The main conflict in this book is the pride of these two main characters. Celia is an heiress, and doesn’t want to marry someone after her fortune, but rather someone who wants her for herself. Jackson does not want to marry Celia because he feels she will not suit to his lifestyle (as a mere Bow Street runner his station is much below hers) and he does not like the idea of living off her inheritance either. He also worries that she will think him a fortune hunter, not a man who is wildly attracted to her.
“Some of us cannot live on our family’s fortune, my lady.”
“While some of us are very fond of biting the hand that feeds them.” If he could throw her past words at her, then she could throw back what he’d said to her months ago.

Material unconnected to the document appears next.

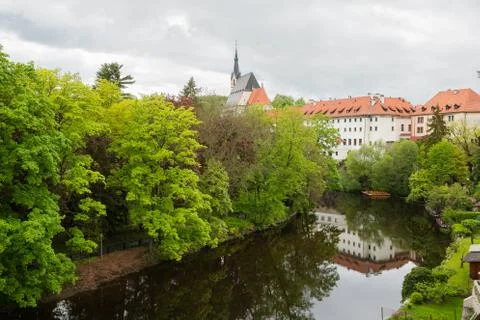 View of the Vltava River flowing through the town of Cesky Krumlov with the f Foto stock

She was surprised when a reluctant smile tugged at his lips. “A hit direct, madam. Perhaps I should get out of the line of fire while I still have my head.”
“Perhaps you should refrain from putting yourself in the line of fire in the first place,” she quipped. “An officer of the law ought to know better.”
While Jackson Pinter is below her socially, it doesn’t seem totally unbelievable for these two to marry. After all – her own grandmother ran a brewery that is where the family fortune comes from! Not only is Pinter shown repeatedly to be a good man of excellent character and a friend to her brothers, but he is perhaps the only man who can stand up and hold his own with the wild Celia. I enjoyed that he is a ‘good guy’ hero and in no need of reforming, but I grew tired of him thinking and talking about how she would have to give up so much, and that he didn’t know if she could handle being his wife.
Celia acts predictably as well, but I still found her quite enjoyable. She is strong yet insecure, and was a beautifully crafted character. I really liked the scenes with her brothers and how she bests them in all things guns, including having newer, fancier ones than most men and knowing how to use them! Yet with all her skill and intelligence, she has never felt attractive or pursued, and it was a pleasure to watch her fall in love and realize that Jackson Pinter was cold and proper towards her because he is so very attracted to her and cannot otherwise control himself.
The wrap-up of the murder plot that has stretched across the five novels in this series is cleaned up neatly and with almost no effort on the part of our characters. It all just comes together rather suddenly, and felt added on rather than woven into this story. It was disappointing, and the stubborn pride of both main characters went from charming to annoying towards the end of the novel for me as well.
While it didn’t hit a high mark for me like the previous novel, it was still a very enjoyable and entertaining read. I enjoyed the small parts the siblings played throughout, and that this could easily be read as a stand-alone or out of order from the other books in the series.